Kaival Brands, distributor of Bidi Vapor, reports third quarter results


The company cites the current PMTA process, market reactions and the delay of the new Bidi Pouch product as factors for the downward revision of revenues.

Kaival brand innovation group, the exclusive global distributor of Bidi Steam‘s Bidi Stick, has released its fiscal third quarter (FY) 2021 results.

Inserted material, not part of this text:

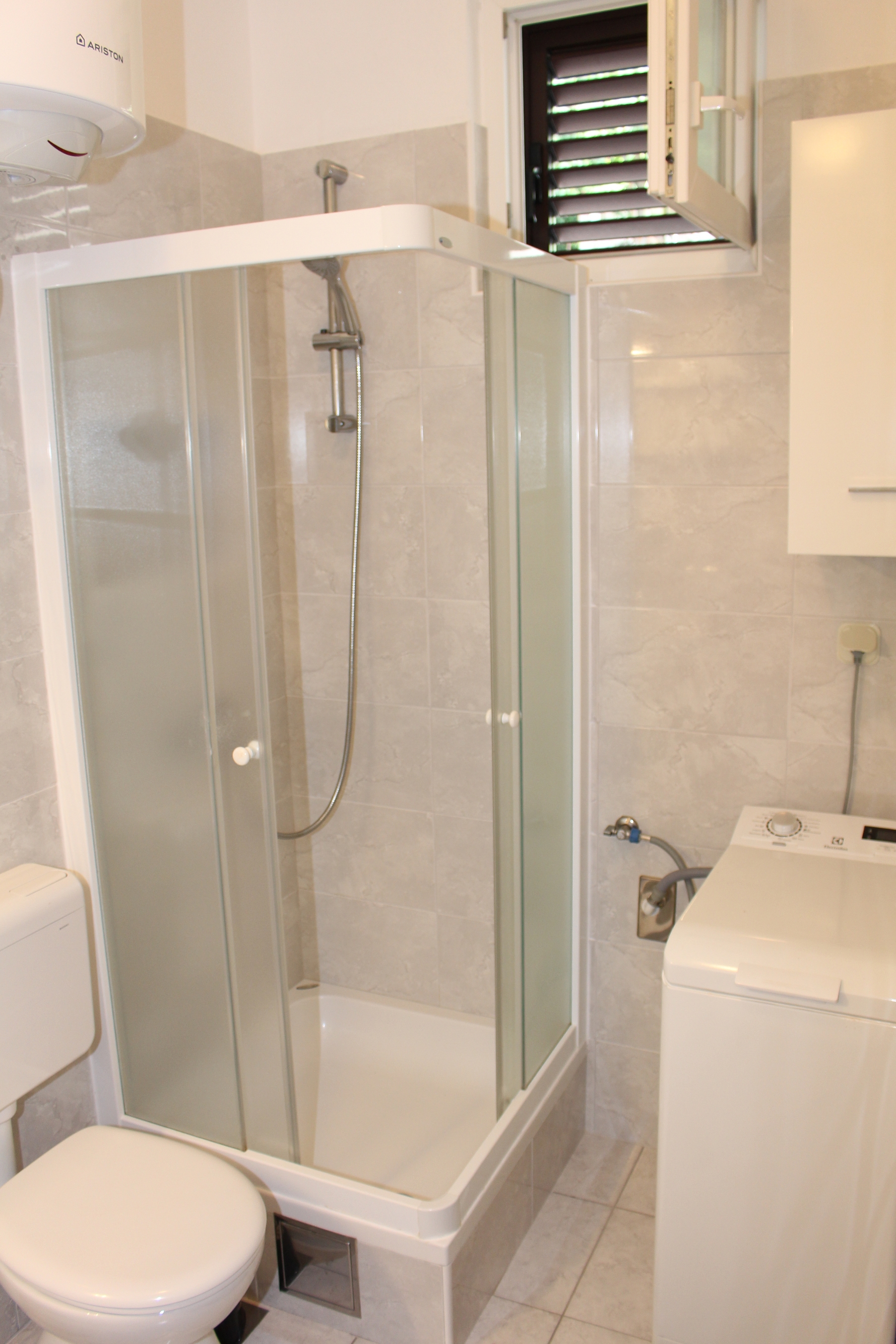 Two bedroom apartment near beach Podgora, Makarska  A-a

Bidi Vapor is a disposable electronic nicotine delivery system (ENDS) intended exclusively for adult consumers 21 years of age and older.

Effects of the FDA review process

Kaival said in a statement that the company believes the tobacco pre-market application process (PMTA) undertaken by the United States Food and Drug Administration (FDA) has had a significant impact on the e-cigarette industry.

Prior to September 9, 2021, the court-set deadline for the FDA to make PMTA decisions for pending claims, Kaival assessed that many retailers and distributors were reluctant to accept new inventory.

“We believe these retailers were concerned about the risk of ending up with inventory that, after September 9, 2021, could be deemed adulterated or mislabeled by the FDA and, therefore, illegal to sell,” the company said. “Separately, we believe there were other retailers willing to buy counterfeit or sub-optimal products from manufacturers who were selling these products at significantly reduced prices.”

These manufacturers were willing, according to Kaival, to significantly reduce selling prices because they realized that they would likely not receive PMTA clearance from the FDA on September 9, 2021, and were trying to recognize the revenue associated with this. that they thought was probably an unsaleable product after the deadline. “These tangential consequences of the PMTA process made the third quarter of fiscal 2021 an extremely difficult quarter for us,” said the Kaival press release.

Multiple factors in the delay of the Bidi pocket

The COVID-19 pandemic has also impacted Bidi Vapor’s ability to perform quality testing due to supply chain disruptions and to develop its new product, the Bidi Pouch, according to its release date. target, which hampered the company’s ability to begin distribution of Bidi Pouch.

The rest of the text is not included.